Hence, techniques are variously proposed which expand a dynamic range by composing images obtained by capturing images of a single subject at different exposures (shutter speeds).

For example, according to JP 2002-290824 A, a histogram is generated by capturing one image, and, if the number of pixels which are not saturated (which are not over-exposed) is a predetermined number or less, second and subsequent images are captured. Further, a technique is disclosed which generates a final image exceeding a dynamic range of an image capturing element by using one of the first, second or subsequent image based on R, G and B values of captured pixels.

Furthermore, for example, JP 2000-350220 A discloses a technique which captures image at an adequate exposure and under exposure and applies a white balance to images captured at respective exposures, and replaces a saturated portion of the image captured at the adequate exposure, with the image captured at the under exposure.

SUMMARY OF THE INVENTION

When there are a plurality of light sources, while an adequate white balance gain is applied to one of the light sources, an inadequate white balance gain is applied to the other light sources. When the dynamic range is not expanded, an area to which an inadequate white balance gain is applied is generally shown very brightly or very darkly, and therefore, even if a final image is visually checked, a difference in the white balance does not particularly matter. However, as in JP 2002-290824 A, when the dynamic range is expanded, both of bright portions and dark portions are reproduced at an adequate exposure, and therefore a difference in the white balance cannot be ignored.

By contrast with this, according to the technique of JP 2000-350220 A, although the white balances can be applied to a low brightness area and high brightness area, respectively, there is actually a problem that the user needs to look at a scene to be captured to predict whether or not it is necessary to adjust a plurality of white balances. Even when there are bright portions and dark portions, the human eyes adapt to the bright portions and dark portions to easily look at, and therefore it is not easy for the user to look at a scene and decide whether or not it is necessary to adjust a plurality of white balances.

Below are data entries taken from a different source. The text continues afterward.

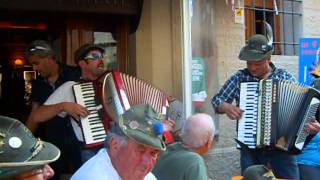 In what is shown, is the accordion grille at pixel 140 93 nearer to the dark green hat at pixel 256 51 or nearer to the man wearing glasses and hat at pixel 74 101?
the man wearing glasses and hat at pixel 74 101

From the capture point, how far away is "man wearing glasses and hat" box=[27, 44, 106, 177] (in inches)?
167

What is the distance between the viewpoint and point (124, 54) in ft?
20.9

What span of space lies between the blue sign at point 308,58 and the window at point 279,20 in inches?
32.2

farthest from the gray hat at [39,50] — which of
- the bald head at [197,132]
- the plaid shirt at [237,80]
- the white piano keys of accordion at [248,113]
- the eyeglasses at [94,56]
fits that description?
the bald head at [197,132]

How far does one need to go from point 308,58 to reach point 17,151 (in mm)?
5363

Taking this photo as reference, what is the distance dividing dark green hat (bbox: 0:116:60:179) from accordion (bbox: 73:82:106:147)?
239 cm

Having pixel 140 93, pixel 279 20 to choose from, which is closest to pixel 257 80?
pixel 140 93

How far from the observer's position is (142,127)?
2.45 meters

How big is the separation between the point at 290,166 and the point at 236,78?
3.15ft

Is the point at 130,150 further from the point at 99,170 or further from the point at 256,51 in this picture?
the point at 256,51

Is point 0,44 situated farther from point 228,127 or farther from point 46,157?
point 46,157

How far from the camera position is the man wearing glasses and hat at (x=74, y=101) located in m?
4.25

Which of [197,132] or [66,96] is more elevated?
[66,96]

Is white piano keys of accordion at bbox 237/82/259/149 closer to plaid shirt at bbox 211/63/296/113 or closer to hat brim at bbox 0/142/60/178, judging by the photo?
plaid shirt at bbox 211/63/296/113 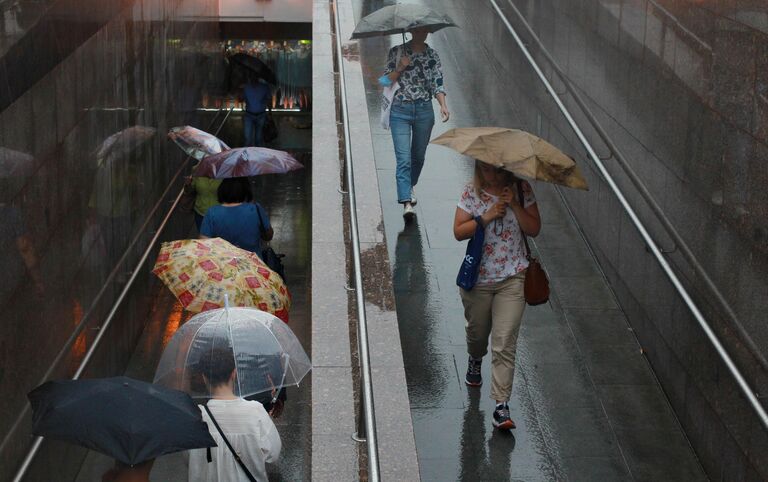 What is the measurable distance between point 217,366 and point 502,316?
6.17 feet

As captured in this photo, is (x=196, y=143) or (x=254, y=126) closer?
(x=196, y=143)

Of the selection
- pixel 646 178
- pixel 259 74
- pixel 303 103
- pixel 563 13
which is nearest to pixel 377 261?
pixel 646 178

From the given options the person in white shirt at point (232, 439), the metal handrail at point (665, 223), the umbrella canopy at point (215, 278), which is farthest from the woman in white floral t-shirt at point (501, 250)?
the person in white shirt at point (232, 439)

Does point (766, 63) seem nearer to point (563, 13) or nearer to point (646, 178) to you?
point (646, 178)

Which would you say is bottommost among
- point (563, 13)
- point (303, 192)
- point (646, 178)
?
point (303, 192)

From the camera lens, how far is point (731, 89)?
6.73 metres

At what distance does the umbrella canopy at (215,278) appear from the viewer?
25.3 ft

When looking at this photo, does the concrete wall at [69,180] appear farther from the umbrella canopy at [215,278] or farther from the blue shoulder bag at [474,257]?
the blue shoulder bag at [474,257]

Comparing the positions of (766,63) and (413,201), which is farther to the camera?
(413,201)

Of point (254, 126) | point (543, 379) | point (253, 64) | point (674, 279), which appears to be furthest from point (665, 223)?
point (253, 64)

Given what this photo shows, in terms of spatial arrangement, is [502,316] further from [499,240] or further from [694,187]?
[694,187]

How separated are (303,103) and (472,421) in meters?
20.9

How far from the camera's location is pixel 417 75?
984 cm

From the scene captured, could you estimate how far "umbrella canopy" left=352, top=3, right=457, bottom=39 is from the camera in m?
10.0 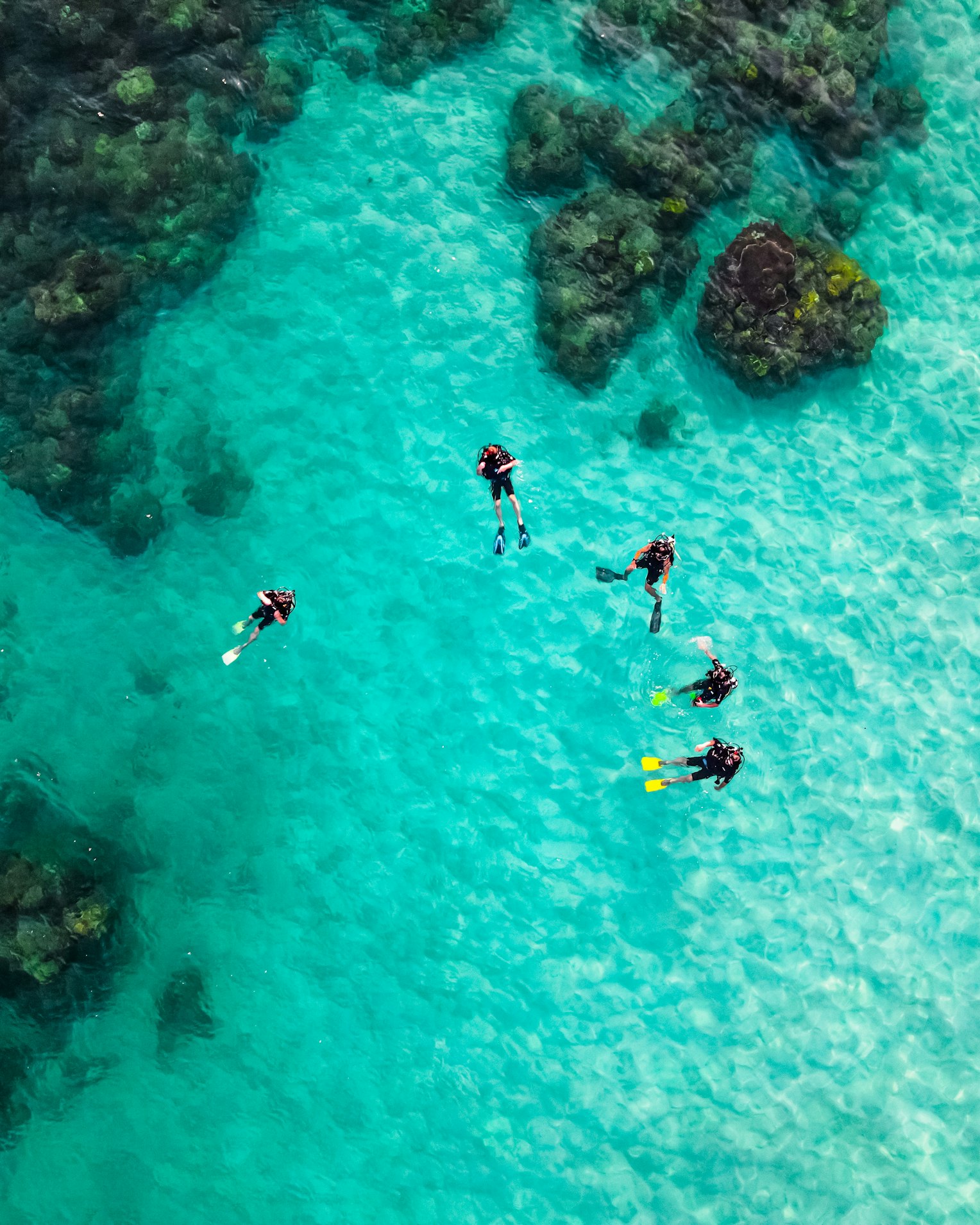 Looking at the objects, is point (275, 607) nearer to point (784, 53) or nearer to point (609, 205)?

It is therefore an exemplary object of the present invention to provide an imaging apparatus, an imaging method and a computer program which, when a dynamic range is expanded, even if a subject is irradiated by a plurality of different light sources, can apply adequate white balances to a plurality of light sources.

According to an exemplary aspect of the present invention, an imaging apparatus comprises: an image sensor; a deciding unit which decides whether or not a preview image, which is input from the image sensor but is not captured yet, includes an area which is irradiated by different light sources and which comprises different brightnesses, based on a subject brightness and a color temperature of the preview image; an image capturing control unit which captures two images from the image sensor at different exposures when the deciding unit decides that the preview image includes an area defined above; and a composition unit which applies a white balance to one image captured at an over exposure, applies a white balance to the other image captured at an under exposure and composes a dark area of the one image captured at the over exposure and applied the white balance to and a bright area of the other image captured at the under exposure and applied the white balance to.

According to another exemplary aspect of the present invention, imaging method of an imaging apparatus comprising an image sensor, the method comprises: deciding whether or not a preview image, which is input from the image sensor but is not captured yet, includes an area which is irradiated by different light sources and which comprises different brightnesses, based on a subject brightness and a color temperature of the preview image; capturing two images from the image sensor at different exposures when it is decided that the preview image includes an area defined above; applying a white balance to one image captured at an over exposure; applying a white balance to the other image captured at an under exposure; and composing a dark area of the one image captured at the over exposure and applied the white balance to and a bright area of the other image captured at the under exposure and applied the white balance to.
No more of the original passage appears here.